De todas as características que podem
ser atribuídas ao escritor japonês Haruki Murakami, surpreende a maneira como
ele manifesta literariamente o seu exílio imaginário. Através dos personagens
que habitam seus livros está nítido, e de forma incontornável, o desconforto que
sente em viver no Japão. As referências à história de seus antepassados
praticamente foram excluídas. O país que ele vislumbra se assemelha a um pedaço
idealizado da Europa – onde nada de ruim acontece. A ausência de economia em
relação às referências comportamentais e musicais (ópera, clássicos, jazz, pop)
ratifica essa tese esquizofrênica, causada pelos mecanismos de sedução do mundo
ocidental.

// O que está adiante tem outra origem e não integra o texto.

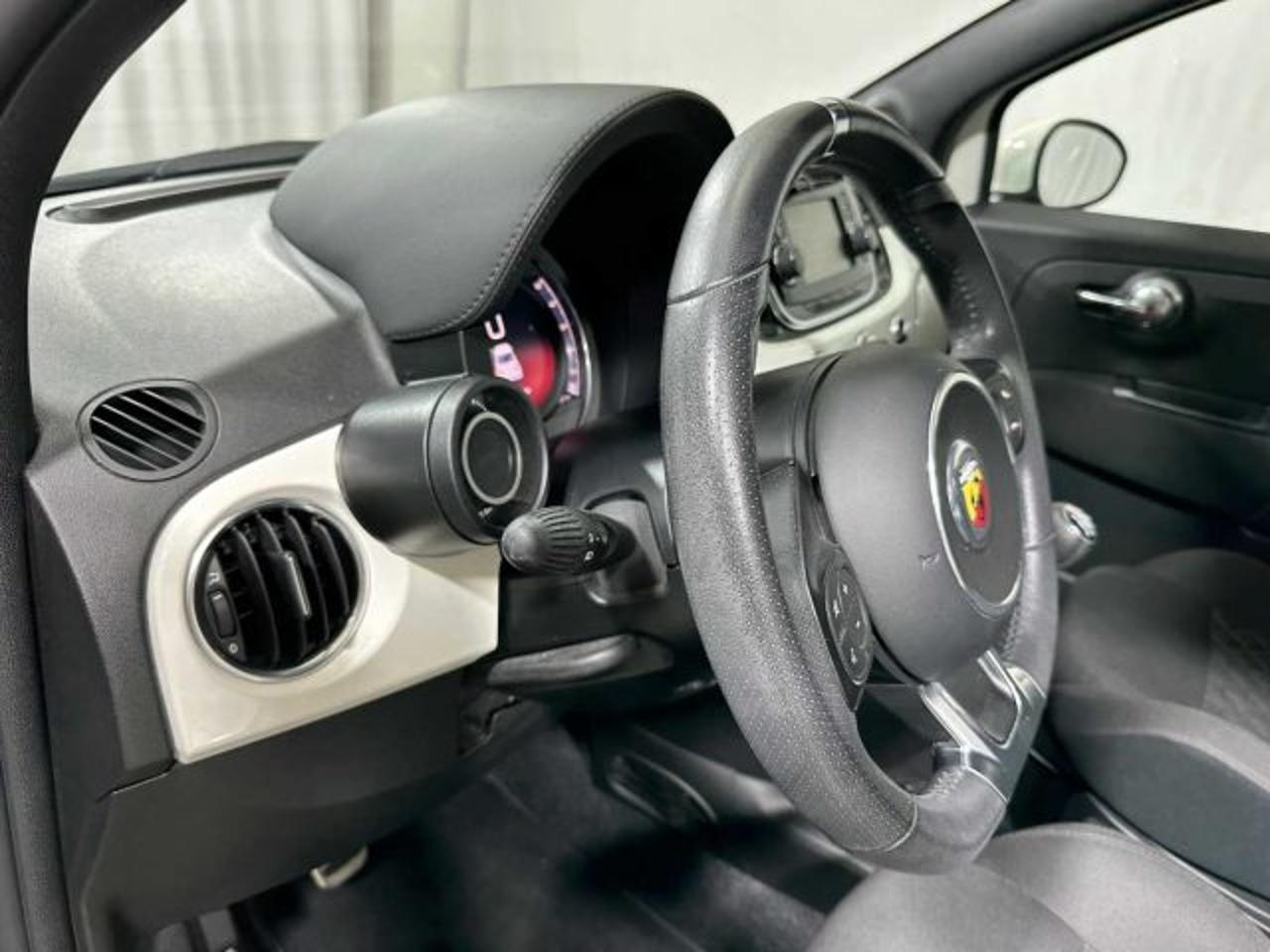 Abarth Abarth 500 usata 21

Textos anteriores como Norwegian Wood ou a trilogia 1Q84 também
trafegam em alta velocidade por essa estrada perigosa. O mesmo destino é
adotado pelo narrador do romance O Incolor Tsukuru Tazaki e seus Anos de
Peregrinação, que define esse desenraizamento de maneira bastante eficiente: (Ele)
era um estrangeiro, e todas as pessoas à sua volta conversavam em uma língua
que ele não compreendia.
Balada poética da vida de um homem
solitário, O Incolor Tsukuru Tazaki e seus Anos de Peregrinação está
centralizado no momento em que um grupo de cinco amigos – residentes em Nagoia
– rompe a amizade construída antes dos estudos universitários em razão de um
episódio nebuloso. Dezesseis anos depois, Tsukuru precisa olhar para trás e
entender que o que ocorreu no passado deixou ferimentos que ainda não
cicatrizaram: Ele sentia apenas tristeza. Tristeza de ser deixado sozinho no
fundo de um buraco profundo e escuro.
No mundo há coisas que só podem ser
transmitidas através da figura de uma mulher, sublinha o narrador como uma
espécie de tradução do velho axioma francês, cherchez la femme – todos os
descaminhos do coração se resolvem com a fórmula “procure a mulher”. No
entanto, essa chave não abre a caixa onde estão guardados todos os segredos. Há
algo além. A figura do engenheiro que gosta de se sentar nos bancos das
estações de transporte público e ficar olhando o ir e vir dos trens, momento de
alheamento sem substância, vaso vazio que parece não ter sentido ou função,
exige um olhar mais profundo do que resumir as tragédias existenciais em uma
história romântica: Ainda é melhor sentir dor, ele procurou pensar. O pior é
não sentir nem ao menos dor.
Essa melancolia se repete ao longo e ao
largo do romance de diversas formas, como que a refletir interminavelmente que (para
ele) não há possibilidade de salvação. Tsukuru
Tazaki não tem um lugar para ir. Era como uma tese na vida dele. Ele não
tem um lugar para ir, nem um lugar para voltar. Ele nunca teve um, e mesmo
agora continua não tendo. Ele só tem o
lugar onde está agora.
Os nomes de Kei Akamatsu, Yoshio Ômi,
Yuzuki Shirane, Eri Kurono estão associados às cores vermelho, azul, branca,
preta, respectivamente. Por isso, depois de inúmeras tentativas de fornecer
algum colorido ao seu percurso existencial, Tsukuru admite que Os quatro amigos
que conheceu no primeiro ano do ensino médio provavelmente foram a coisa mais
valiosa que ele conseguiu até então. Romper com esse relacionamento de amizade
expressou o fim da própria vida. A ideia de suicídio assume o holofote central.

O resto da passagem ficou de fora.